Many employers require their employees to sign agreements which contain covenants not to compete with the company. The enforceability of these restrictive provisions varies from state-to-state and depends on a variety of factors. A former employee who violates an enforceable non-compete agreement may be ordered to cease competitive activity and pay damages to the former employer. In other covenants, the restrictions may be deemed too restrictive and an undue restraint of trade.
A covenant not to compete is a promise by an employee that he or she will not compete with his or her employer for a specified period of time and/or within a particular geographic location. It may be contained within an employment agreement, or may be a separate contract. Agreements which prevent employees from competing with the employer while employed are enforceable in every jurisdiction. However, agreements which affect an employee’s conduct after employment termination are subject to stricter requirements regarding “reasonableness,” and are generally disallowed in some states, such as California which has enacted statutes against such agreements except in very narrow circumstances.
Even in states where such covenants are enforceable, courts generally disfavor them because they are anti-competitive. Nevertheless, such agreements will be enforced if the former employer can demonstrate the following:
- The employee received consideration at the time the agreement was signed;
- The agreement protects the employers legitimate business interest; and
- The agreement is reasonable to protect the employer, but not unduly burdensome to the employee who has a right to make a living.

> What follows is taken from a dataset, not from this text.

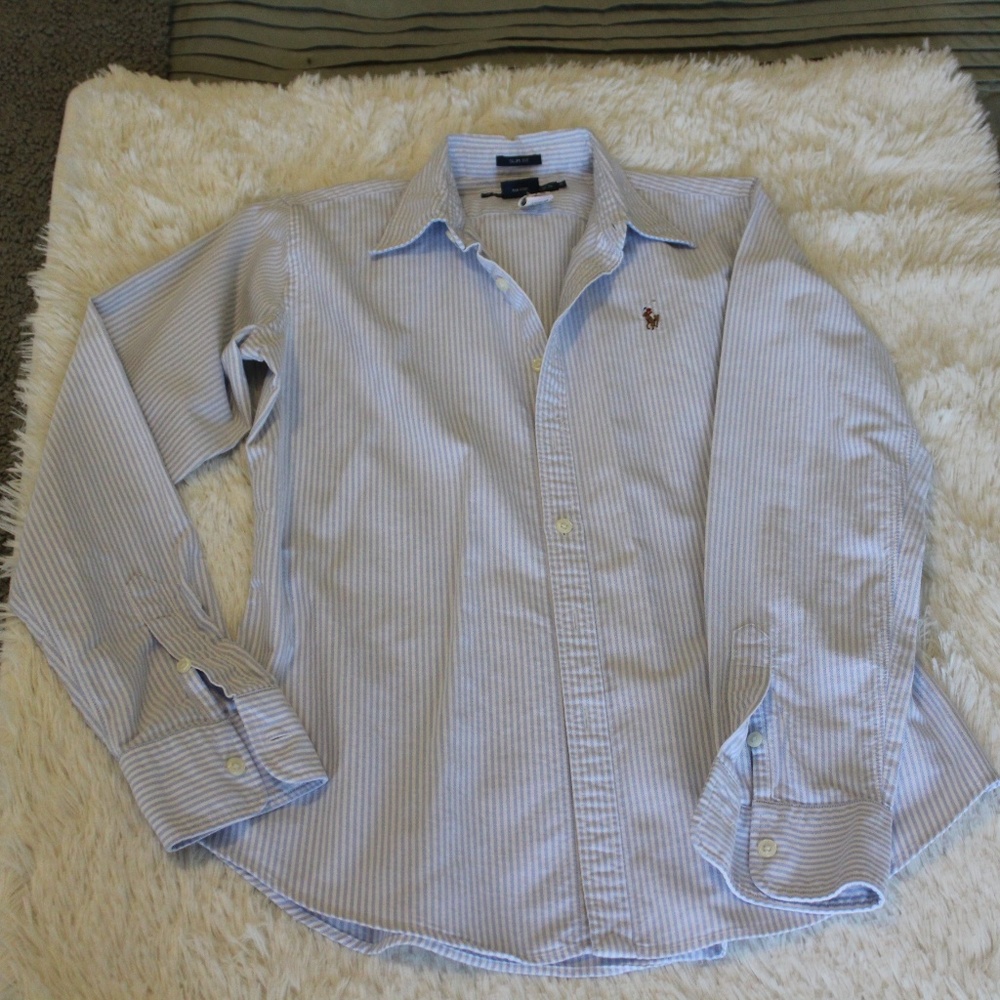 Ralph Lauren Blue & White Long Sleeve Shirt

Under the principles of contract law, all agreements must be supported by consideration in order to be enforceable. The employee signing the covenant not to compete must receive something of value in exchange for making the promise. If the agreement is signed prior to employment, the employment itself constitutes consideration. If, however, the agreement is signed after employment commences, the employee must receive something else of value in exchange for the agreement to be enforceable.

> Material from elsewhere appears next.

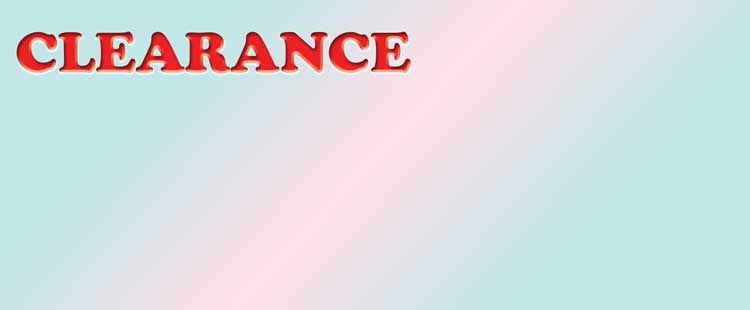 Clearance in bold red letters on a gradient background transitioning from light blue to pink.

Legitimate Business Interest
Legitimate business interests can include protecting and preserving confidential information (trade secrets) and customer relationships. Most states recognize an employer’s right to prevent an employee from taking advantage of information acquired or relationships developed as a result of the employment arrangement, in order to later compete against the employer.
Based on the circumstances, a covenant must be reasonably necessary. If the covenant is overly broad, or unduly burdensome on the employee, the court may refuse to enforce the agreement. Therefore, the covenant must be reasonable in both duration and scope. If a covenant is overly broad, the court may narrow its scope or duration and enforce it accordingly. But if a covenant is so broad that is clearly was designed to prevent lawful competition, as opposed to protecting legitimate business interests, the court may strike down the agreement in its entirety.
To enforce a covenant not to compete, the employer can file a court action seeking an injunction against the employee’s continued violations of the agreement. The company can also seek monetary damages to cover losses resulting from the employee’s breach.